The Chattanooga Times had editorialized against oversight, challenging that 550,000 customers now were buying cheap electricity and using twice as much as they had prior to TVA. The number of manufacturing jobs between 1933 and 1940 in the valley had increased by 53.5 percent, whereas there had been in the same period only a 30 percent increase nationally. The increase in wholesale and retail trade also substantially outpaced the national average.

Mr. Childs suggests that TVA might prove a bridge between the opposing sides of the political divide, as many of Mr. Truman's friends, as Senator McKellar, were opposed to its independence, while many others knew firsthand of its great benefits to the people.

Dorothy Thompson suggests that the rift between General Eisenhower and General Patton regarding General Patton's flouting of the de-Nazification policy on the premise of maintaining local efficiency through Nazi burgomeisters, leading to Patton's relief from command of the Third Army and transfer to command of the Fifteenth Army, engaged solely in research, was emblematic of the entire problem with the occupation of Germany thus far.

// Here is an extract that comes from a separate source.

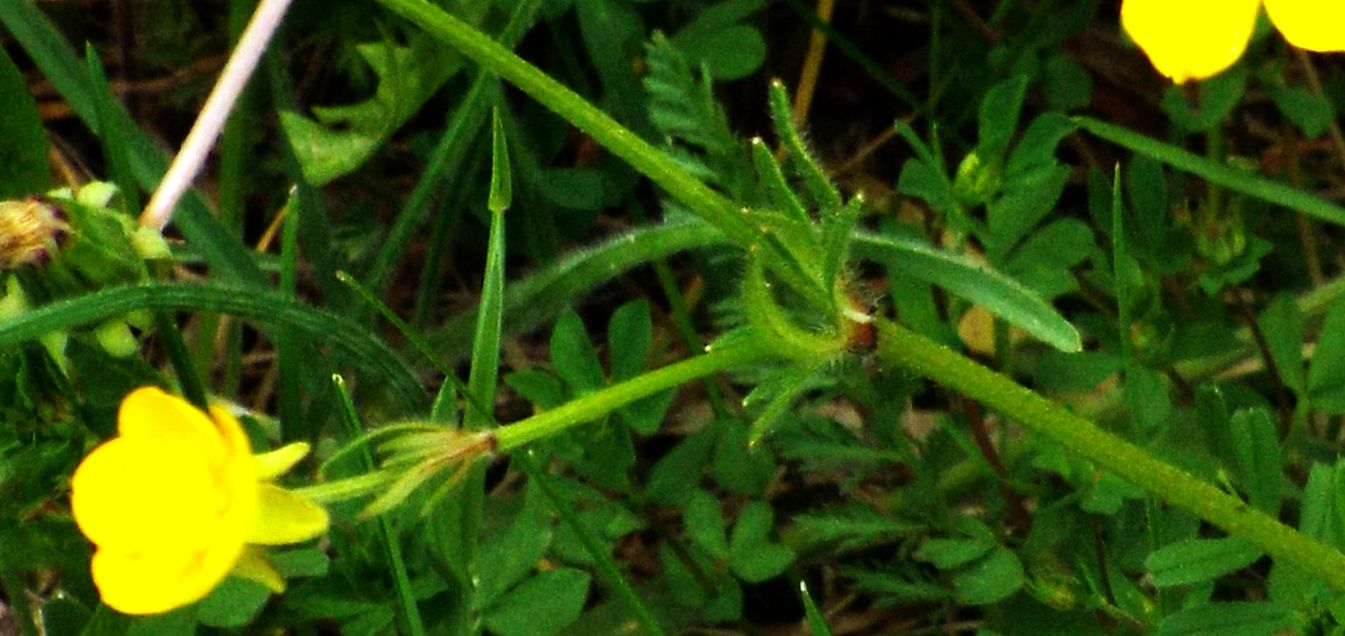 Ranunculus bulbosus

General Walter Bedell Smith had objected on the basis of inclusion of ultra-conservatives in the posts, presumably on the assumption that Nazism was a conservative dogma.

Ms. Thompson differs, stating that there were a number of German conservatives who opposed the Nazis, Karl Goerdeler, leader of the German underground, being one. Thousands of German Catholics and Protestants likewise had opposed the Nazis on the ground that it broke with tradition, negated religion, was a menace to the family, constituted but a revolution of nihilism.

She posits therefore that eliminating conservatives from posts was going too far, that it embroiled the military occupation government in politics. In Berlin, there was an effort to support private enterprise against socialism and that, too, involved the occupation forces in politics. Many conservative Germans believed in socialism, as capitalism was criticized by the Catholic hierarchy, and Hitler had hung those in sympathy with the Catholic conservative views.

Ms. Thompson stresses that she was not advocating a conservative government for Bavaria, just pointing out that it should not be confused with de-Nazification and that Germans should be left to determine their government otherwise. For the present, the local administrator simply implemented the military government orders. Thus, the natural tendency was to find those who were the most efficient administrators, regardless of politics. (Of course, she misses here a practical point in reality, that, while on paper it may be so, a local administrator, as anyone knows who has ever dealt with a Nazi in such a role—and the woods are full of them as we know from our personal experiences, don't we?—can manage to get away with a lot of informal policy-making of their own, even in a democracy, before being seriously challenged or fired.)

She points out that 90 percent of Germans claimed never to have been Nazis, a ridiculous assertion, the fact being, she further informs, that most Germans had been Nazis and fervent Nazis at one time or another. But most had also been enthusiastic supporters of the Kaiser or the Republic at other times.

Germans were also aware of the divisions among the Allies.

She concludes that General Eisenhower could not really de-Nazify Germany because only other ideas could supplant the old ideas and democracy could only flourish in freedom of thought and expression, not through impressed will and subservience. Force could render Germany harmless, but could not re-educate or reform the indoctrination of the previous twelve years and more.

"German reformation can only come from within, and through its competence to offer life and hope, within the realities of the world as it is—not degradation, and death."